Qualcomm reported record revenue in the first quarter but faces concerns about the accuracy of their numbers reported in China and about being passed over by a major customer, the company said Wednesday during its quarterly report.
A record number of MSM chipsets were sold in the first quarter, up 27 percent year over year to $270 million. Revenue in the first quarter was $7.1 billion, up 7 percent year over year and a record company revenue before tax. Total device sales hit $56.4 billion dollars, Qualcomm President Derek Aberle said.
Earnings per share were $1.34, rising slightly from last quarter.
“We delivered a strong quarter, achieving record quarterly revenues and non-GAAP operating income,” said Chief Executive Officer Steve Mollenkopf.
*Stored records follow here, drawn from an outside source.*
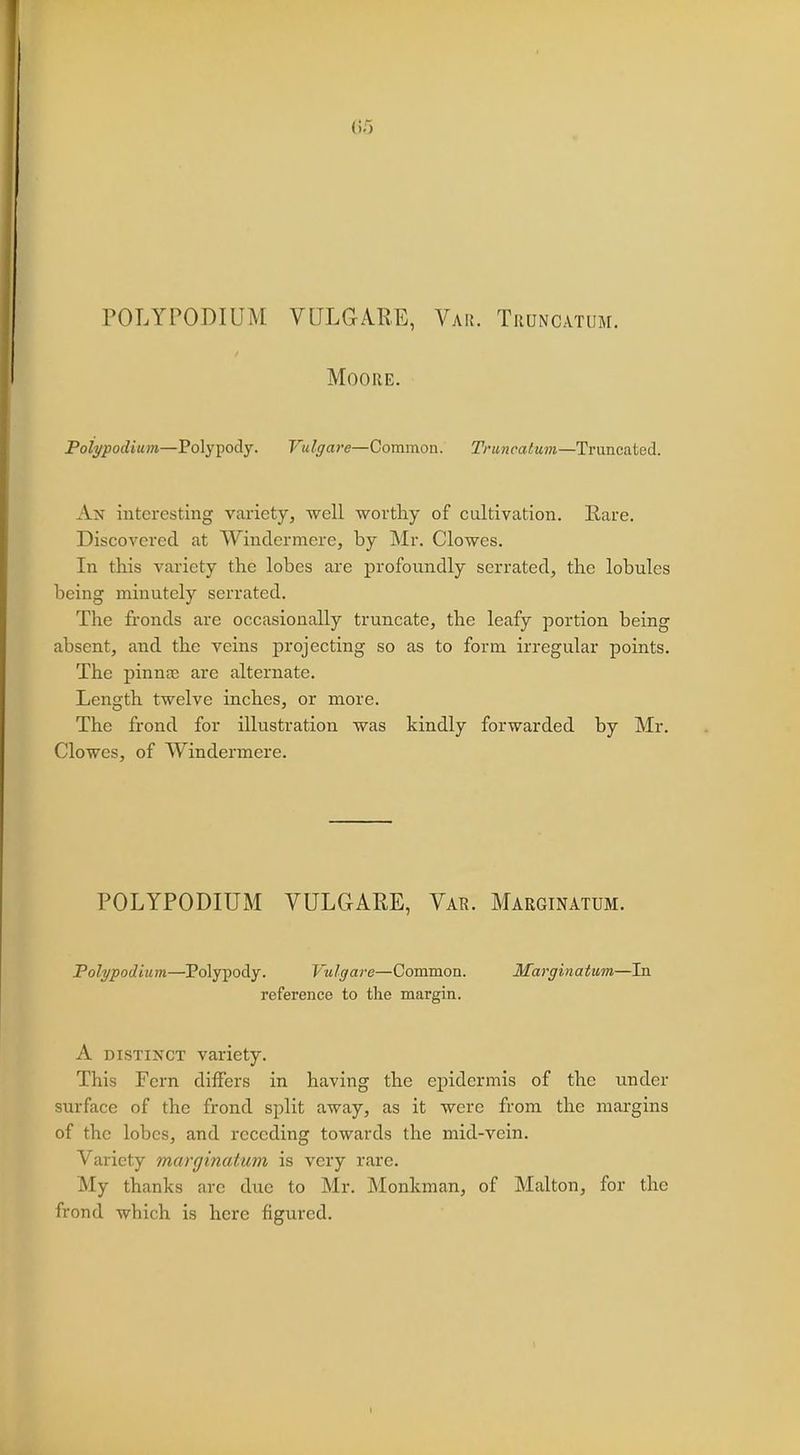 65 POLYPODIUM VULGARE, Var. Truncatum. Moore. Potypodium—Polypody. Vulgare—Common. Truncatum—Truncated. An interesting variety, well worthy of cultivation. Rare. Discovered at Windermere, by Mr. Clowes. In this variety the lobes are profoundly serrated, the lobules being minutely serrated. The fronds are occasionally truncate, the leafy portion being absent, and the veins projecting so as to form irregular points. The pinnaj are alternate. Length twelve inches, or more. The frond for illustration was kindly forwarded by Mr. Clowes, of Windermere. POLYPODIUM VULGARE, Var. Marginatum. Potypodium—Polypody. Vulgare—Common. Marginatum—In reference to the margin. A distinct variety. This Fern differs in having the epidermis of the under surface of the frond split away, as it were from the margins of the lobes, and receding towards the mid-vein. Variety marginatum is very rare. My thanks arc due to Mr. Monkman, of Malton, for the frond wbich is here figured. I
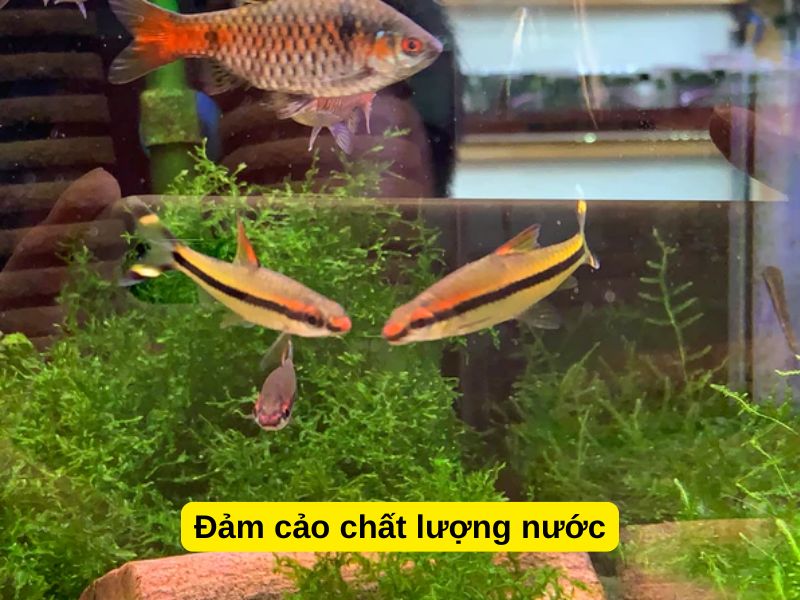 Đảm báo chất lượng nước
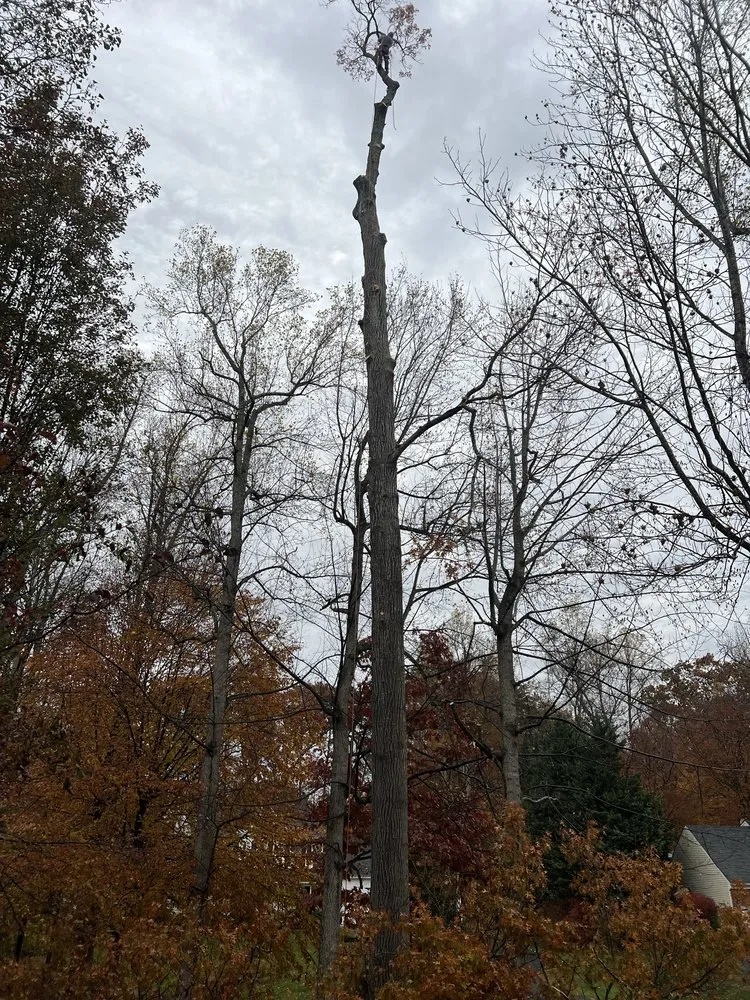 Top-rated landscaping services for year-round maintenance across Dumfries, VA - Grass Monkey & Trees Service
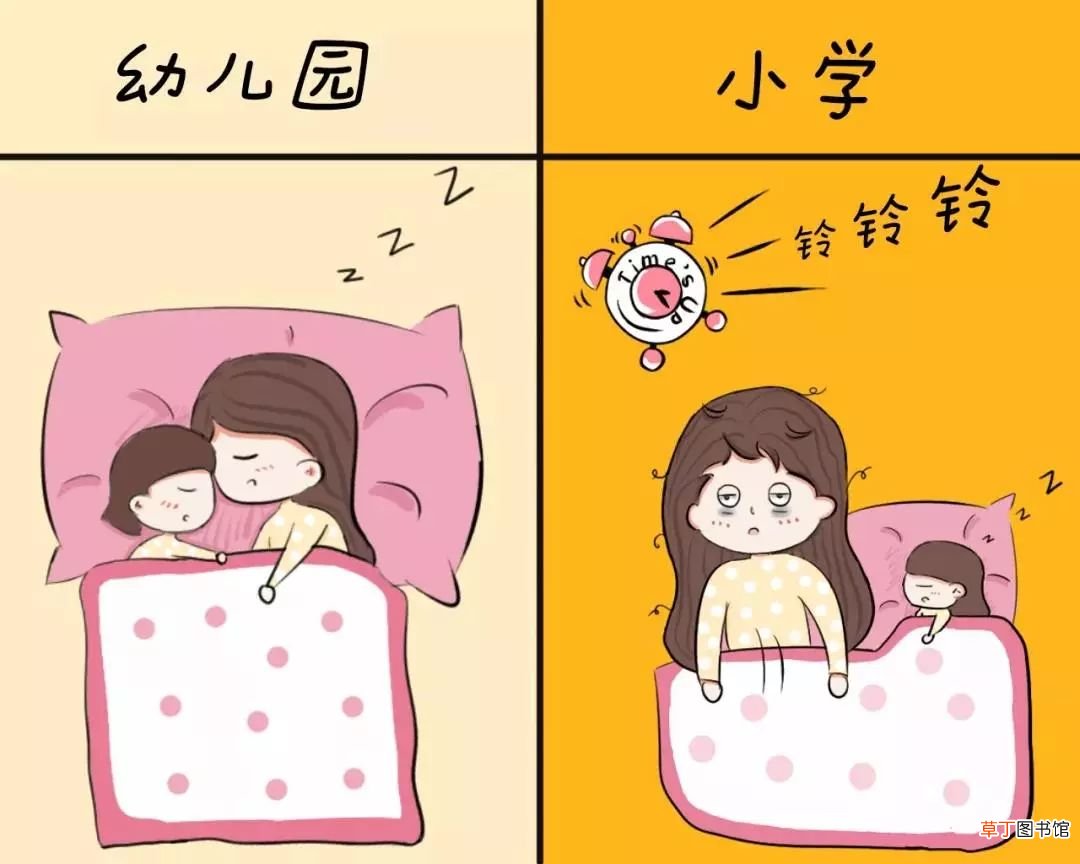 幼儿园与小学的区别
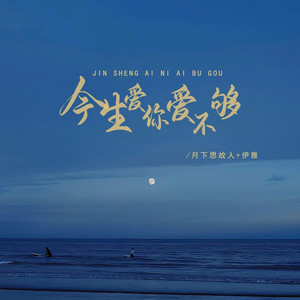 今生爱你爱不够 (对唱版)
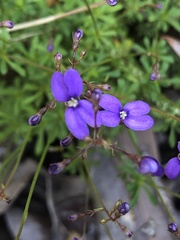 Stylidium pritzelianum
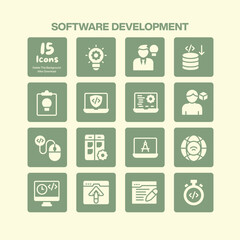 Modern software development icons pack featuring symbols for coding programming web design security API and collaborative project management solutions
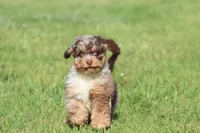 Chocolate Chips, a male Miniature Bernedoodle for sale in Grand Rapids, MI – 1 of 6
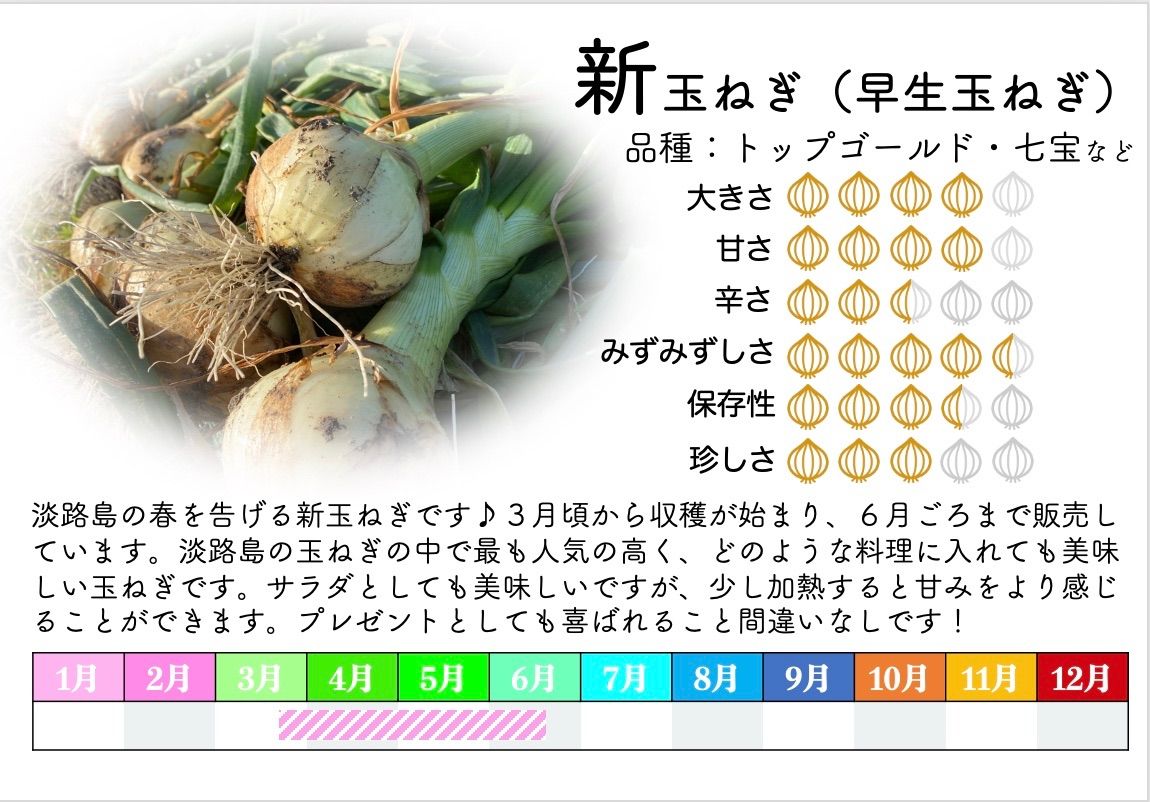 大豊作につき特別価格でご提供‼️  《兵庫安心ブランド取得》産地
While positive about the numbers, Aberle also said that some sales may still be unreported and will need to be caught up in the second quarter report. “We continue to believe that some of our Chinese licensees are not reporting all of their sale of licensed products,” he said.
Revenue outlook for Qualcomm’s semiconductor business is down, the company reported in their fiscal earnings, due to “a shift in share among OEMs at the premium tier, which has reduced our near-term opportunity for sales of our integrated Snapdragon processors,” as well as expectations that the Snapdragon 810 processor “will not be in the upcoming design cycle of a large customer’s flagship device,” and increased competition in China.
“China continues to present significant opportunities for us, particularly with the rollout of 3G/4G LTE multimode, but also presents significant challenges, as our business practices continue to be the subject of an investigation by the China National Development and Reform Commission (NDRC),” the company said in its earnings release.
Qualcomm holds $31.6 billion in cash and marketable securities.
Long term growth drivers remain strong, both in cell phones and automotive and Internet of Things, Mollenkopf said. Demand for global 3G/4G devices continues to grow at a healthy rate, he said, due to high replacement rates and migration.